Bands like this are established to challenge our beliefs and with it, establish new and sacred techniques that are passable as experimentation and a viable option for future bands whom wish to base their music around the influence of this band. Alongside the recent records of Gris and Sombres Forêts, in particular, Skagos’ debut is a deliberate and forceful record aimed at pushing the boundaries of the scene and seeing how far they can stretch the limitations that supposedly rule the black metal scene. ‘Ást’ is one of those creations you can liken to almost anything but, at the same time, it is unlike anything you have ever heard given its strange mystical aura that wanders in and around the atmospherics like a caged animal, trapped and howling. Brave black metal is not without its faults, but admiration is certainly applied to the sounds of these bands that aim to create a slight twist on old methods in a new age. In years to come, I assume that records like ‘Ást’ will be considered defining moments in the history of the genre. Comparisons have been made to newly enforced acts such as Altar of Plagues and well established bands like Wolves in the Throne Room, but Skagos are an entity all to themselves.
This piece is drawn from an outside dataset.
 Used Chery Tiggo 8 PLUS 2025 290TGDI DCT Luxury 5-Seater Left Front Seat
‘Ást’ takes smidges of folk inspired ramblings by late-and-great black metal acts like Ulver and simultaneously merges them with the acquired taste of atmospheric, nature inspired bands like Wolves in the Throne Room. This record uses a number of varied techniques to assemble the messages of the lyrical themes from words to glorified sounds and despite small hindrances, such as the questionable vocals, the conclusions come together like the perfection of the transition from night to day, or day to night as the sunset, or sunrise lights up the sky with an array of beautiful colours and reflective cloud patterns. The beauty of such a natural occurrence can be likened to the instrumentation on this piece as moody acoustics are followed by even moodier tremolo based riffs. The production, whilst allowing the guitars to exist as a hollow emotional form when played at a fast, repetitive rate, are arms of fog, which wrap their dense and moist atmospherics around us like a gentle, but passionate hug filled with both anger and warmth. The subtle folk elements provide the said warmth, and our old friend, the black metal maestro provides us with a bleak outlook as the repetition sets in and harsh, distant tones close in on us like an oncoming storm of emotions.
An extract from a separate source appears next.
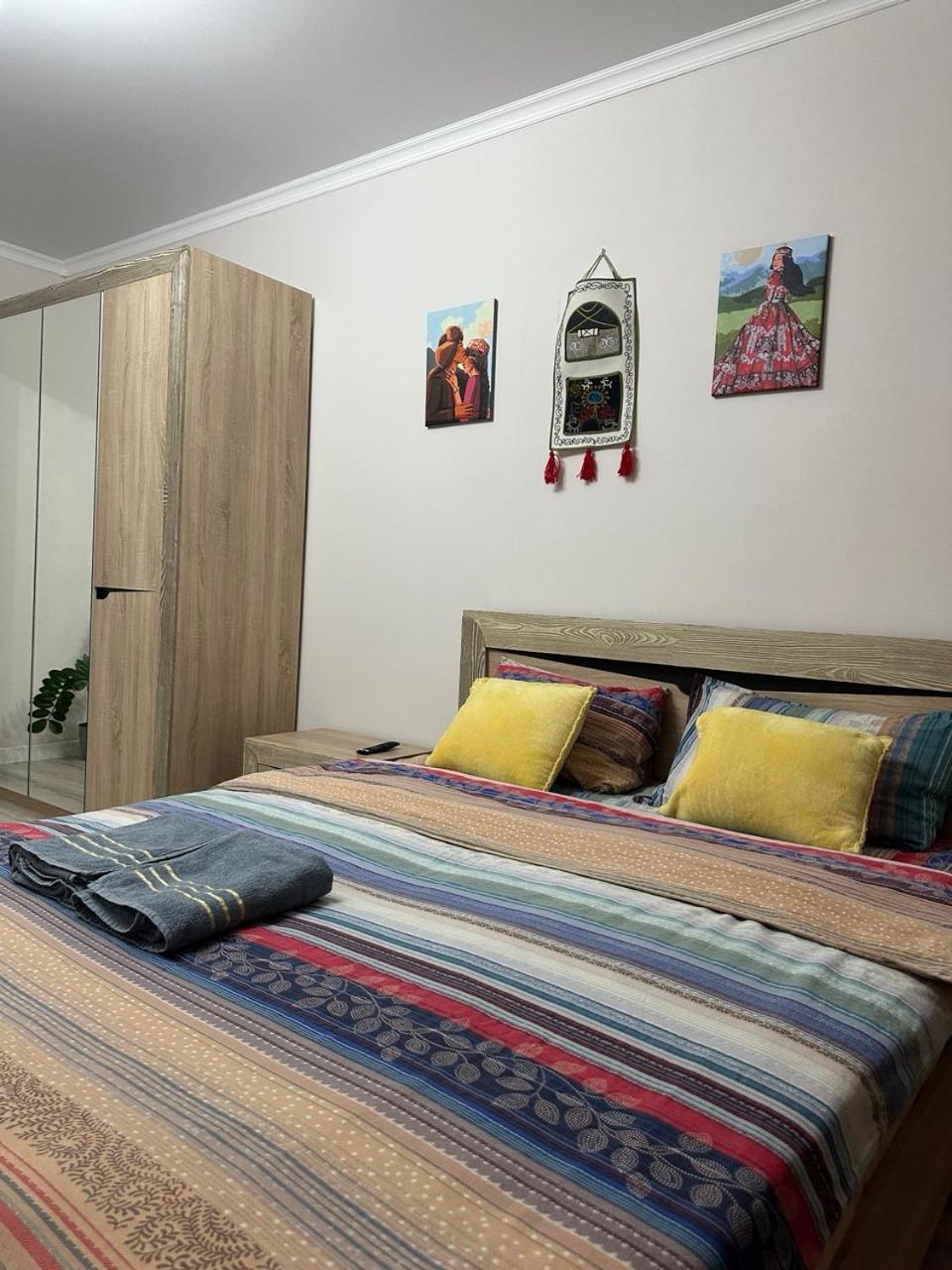 Lakestay 3 Almaty Bagian luar foto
My main problem is with the vocals. Compared to vocalists like Annatar, or Icare, Hawes and Symons don’t stand up well, but in terms of the record, they exist in an acceptable form resembling the Wolves in the Throne Room vocalist on ‘Two Hunters’ down to the last note. The harsh dissonance of the rasps suit’s the style, but the vocals aren’t as impacting as one would hope, especially in conjuration with the impacting instrumentation with which my laptop struggles to contain from spilling over and into my world. This emotional record is superb as an experimental entity. It flitters between influences and keeps things fresh, despite relying on elements of instrumentation like repetition on occasions. The Wolves in the Throne Room comparison is bound to throw some people off and cause them to neglect this piece, but for those of you who do allow this into your world, you probably won’t regret it. One of the best from 2009. Notable highlights include the immense ‘Caliginosity’ and ‘The Drums Pound Every Night in a Glorious Celebration of Life’.